-- RECORDS SUPPLIED follows --
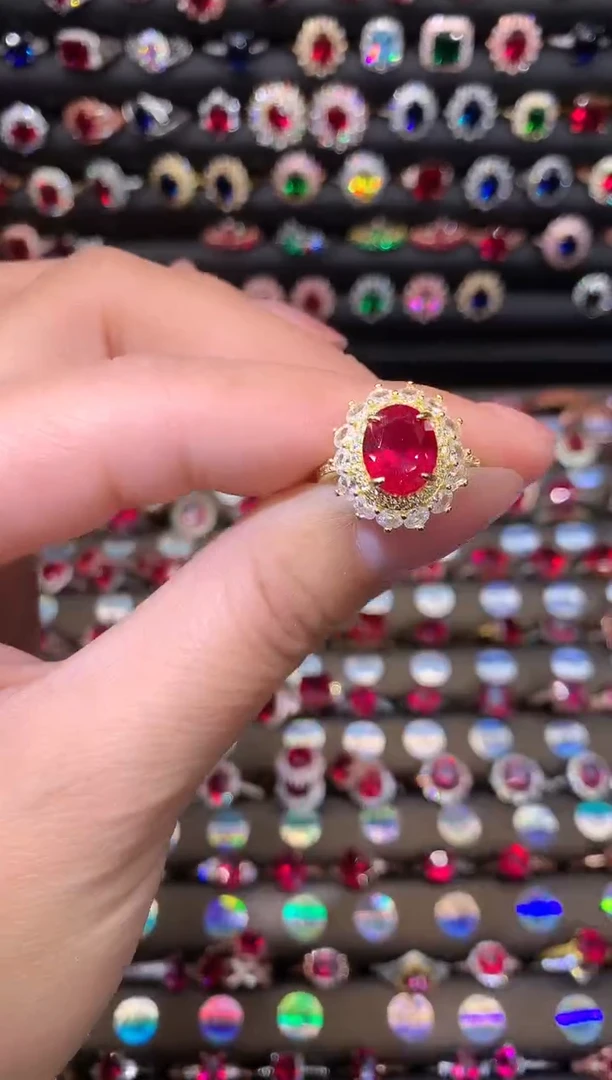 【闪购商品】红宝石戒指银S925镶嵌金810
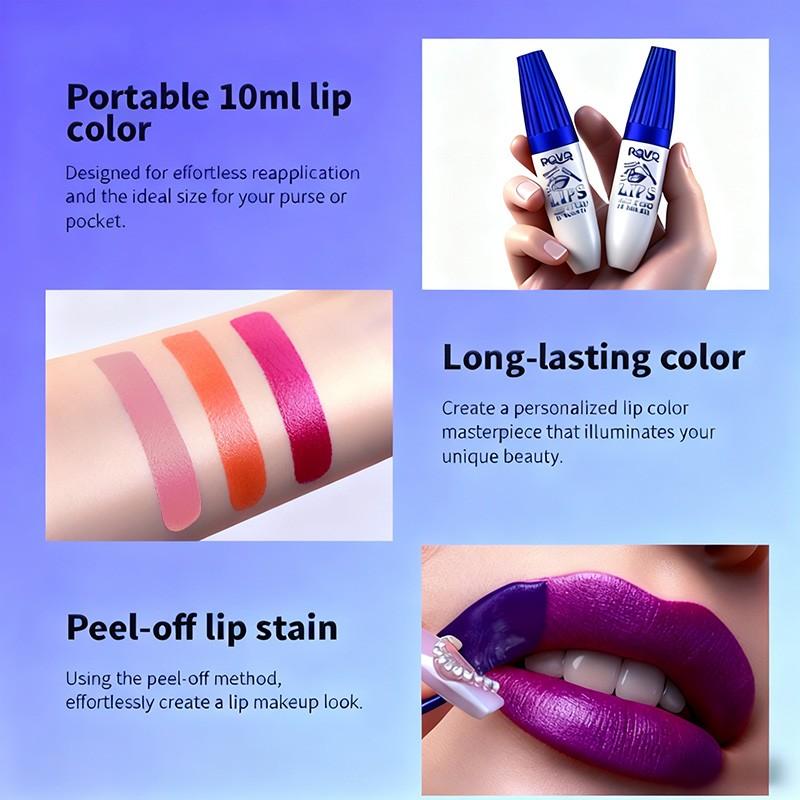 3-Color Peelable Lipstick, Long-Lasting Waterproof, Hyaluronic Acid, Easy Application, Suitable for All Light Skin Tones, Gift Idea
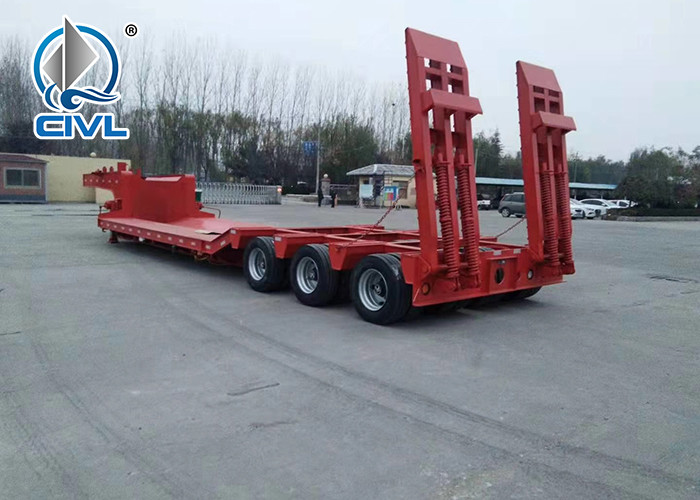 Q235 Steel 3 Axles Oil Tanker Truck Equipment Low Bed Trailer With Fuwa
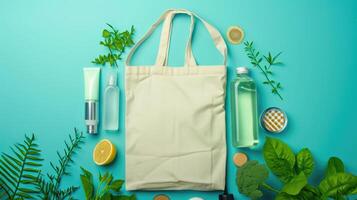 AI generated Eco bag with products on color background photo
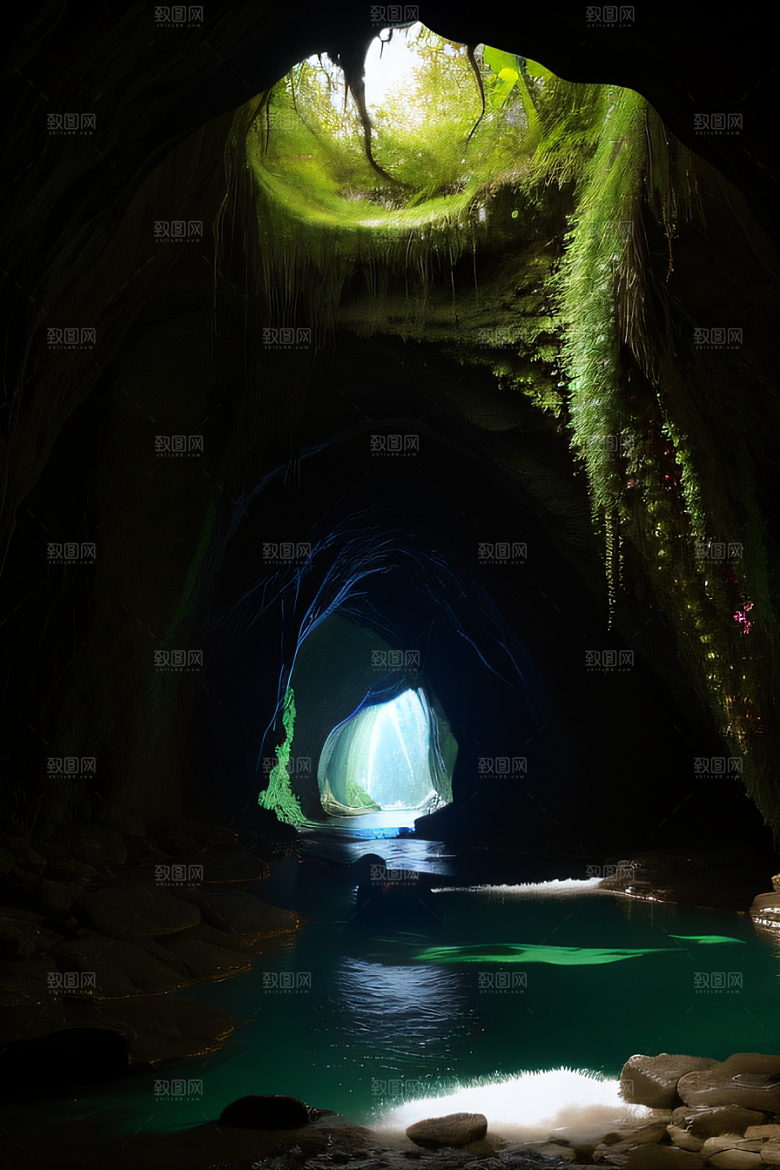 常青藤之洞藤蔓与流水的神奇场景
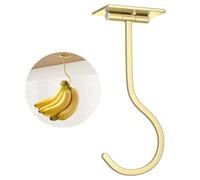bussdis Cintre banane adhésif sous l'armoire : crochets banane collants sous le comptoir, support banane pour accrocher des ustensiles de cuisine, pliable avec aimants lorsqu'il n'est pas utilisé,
-- RECORDS SUPPLIED concluded --
-- RECORDS SUPPLIED follows --
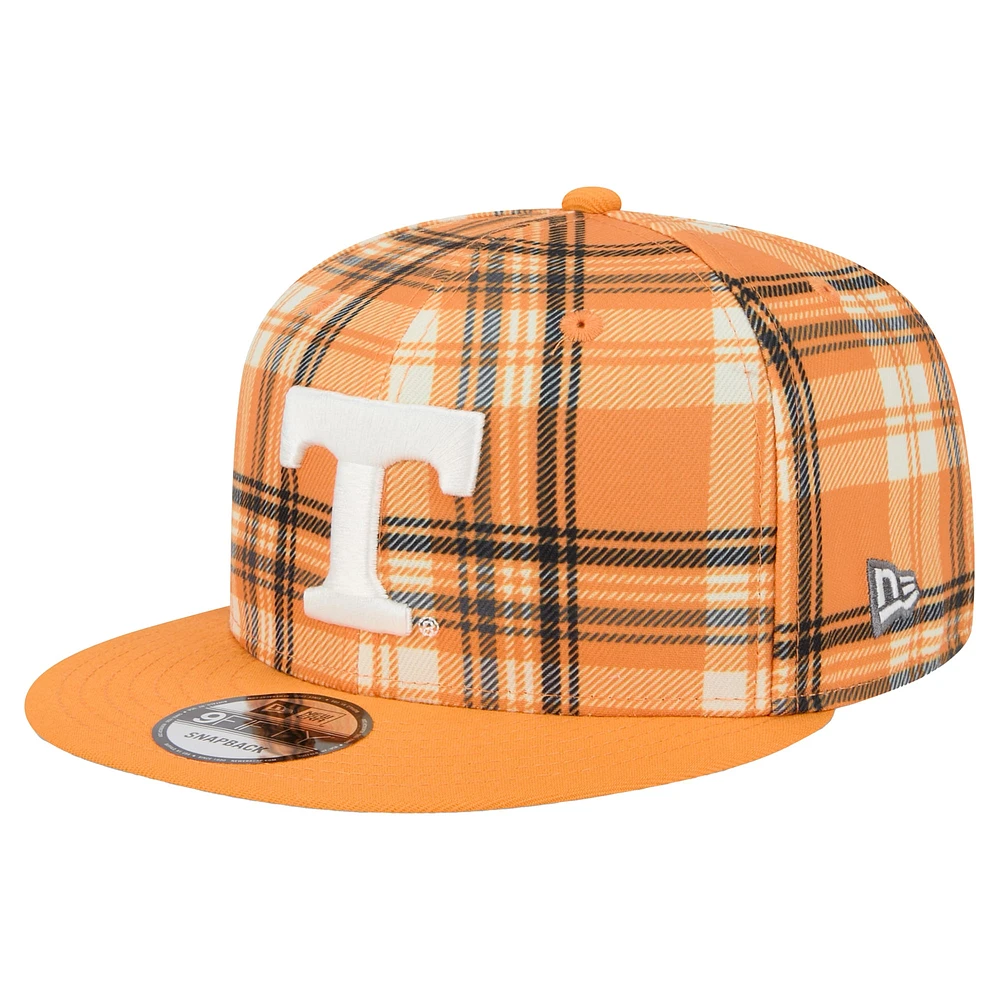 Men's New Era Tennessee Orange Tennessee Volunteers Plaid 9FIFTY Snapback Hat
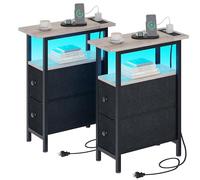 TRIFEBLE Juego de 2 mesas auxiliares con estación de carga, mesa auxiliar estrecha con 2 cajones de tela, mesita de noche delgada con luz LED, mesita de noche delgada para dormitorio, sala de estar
-- RECORDS SUPPLIED concluded --
-- RECORDS SUPPLIED follows --
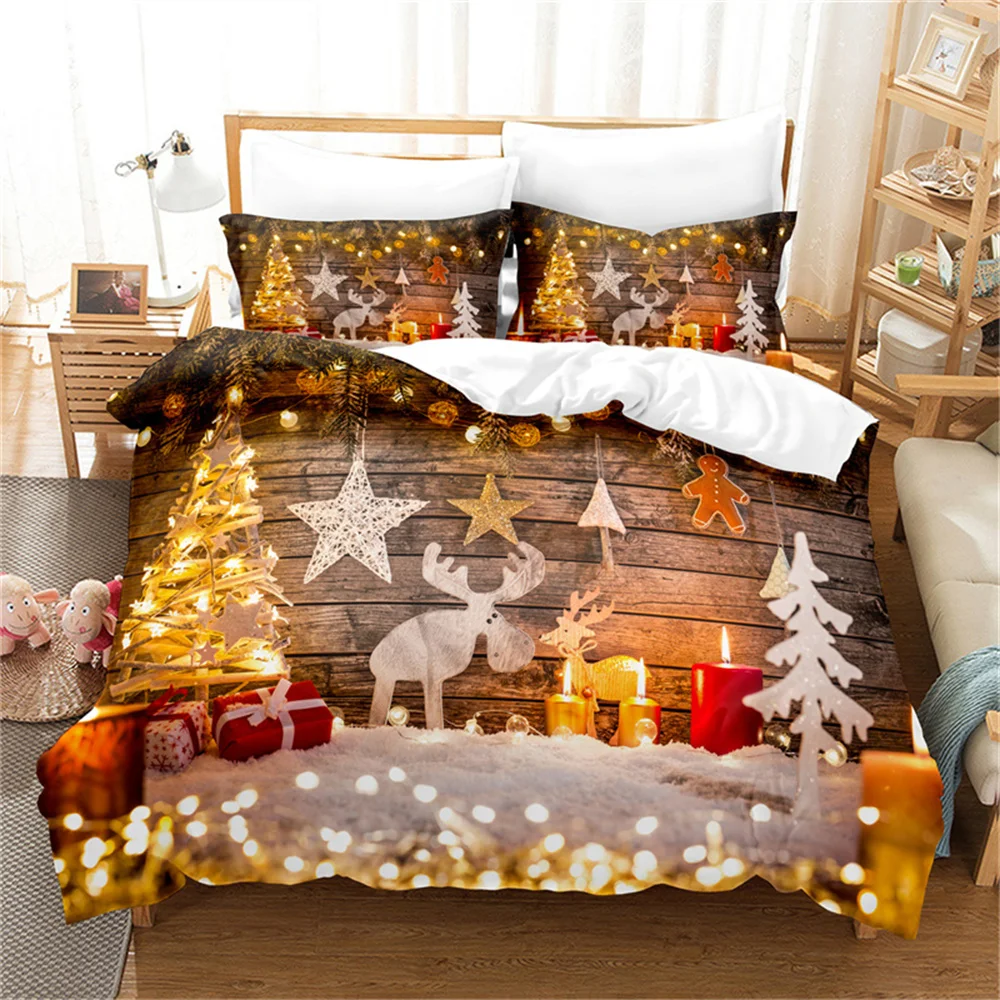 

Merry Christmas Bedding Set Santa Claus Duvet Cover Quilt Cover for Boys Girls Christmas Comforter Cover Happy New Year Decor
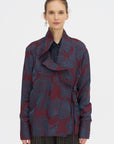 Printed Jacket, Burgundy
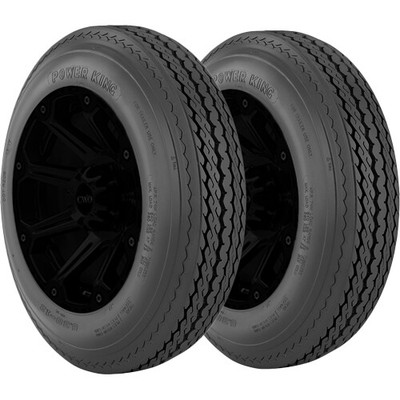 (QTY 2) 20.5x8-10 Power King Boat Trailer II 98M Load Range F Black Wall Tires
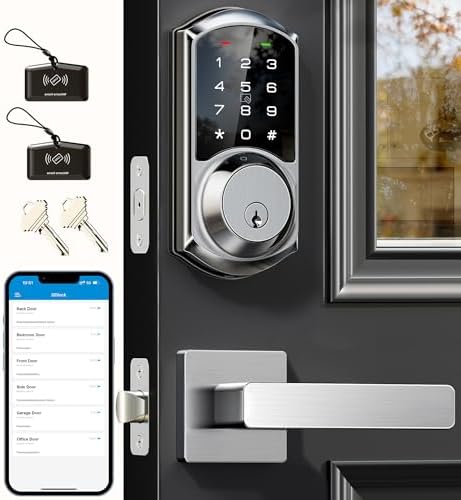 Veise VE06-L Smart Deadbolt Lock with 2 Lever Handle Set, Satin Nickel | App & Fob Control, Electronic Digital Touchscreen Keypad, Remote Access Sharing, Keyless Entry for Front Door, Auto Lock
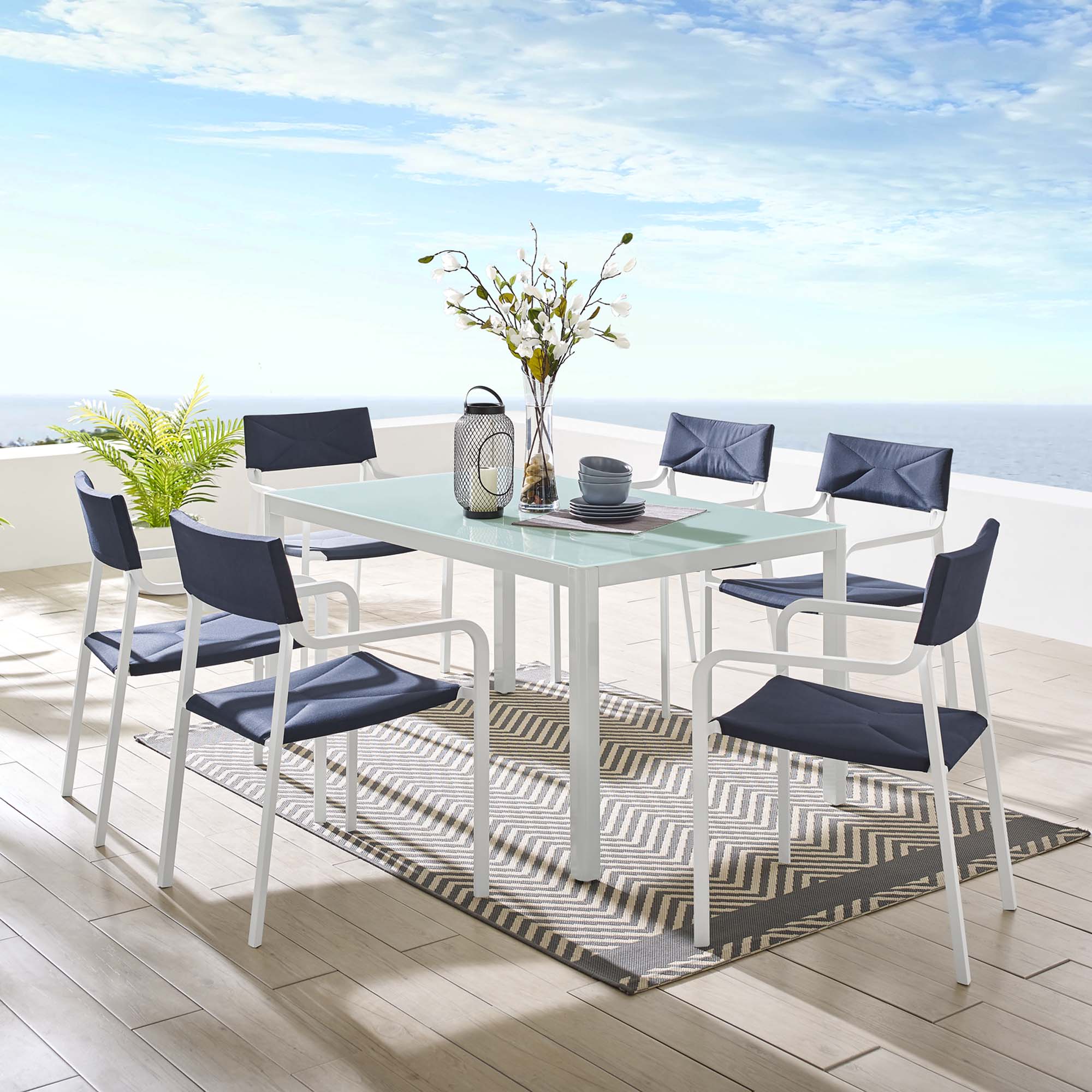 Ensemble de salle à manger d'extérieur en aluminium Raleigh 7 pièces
-- RECORDS SUPPLIED concluded --
▶ [TASK DETAILS]: Leave out every picture, and copy exactly the lines above starting at the one holding "Men's New Era" and ending at the one holding "TRIFEBLE Juego de", no more and no less.

▶ [RESPONSE AREA]:
 Men's New Era Tennessee Orange Tennessee Volunteers Plaid 9FIFTY Snapback Hat
 TRIFEBLE Juego de 2 mesas auxiliares con estación de carga, mesa auxiliar estrecha con 2 cajones de tela, mesita de noche delgada con luz LED, mesita de noche delgada para dormitorio, sala de estar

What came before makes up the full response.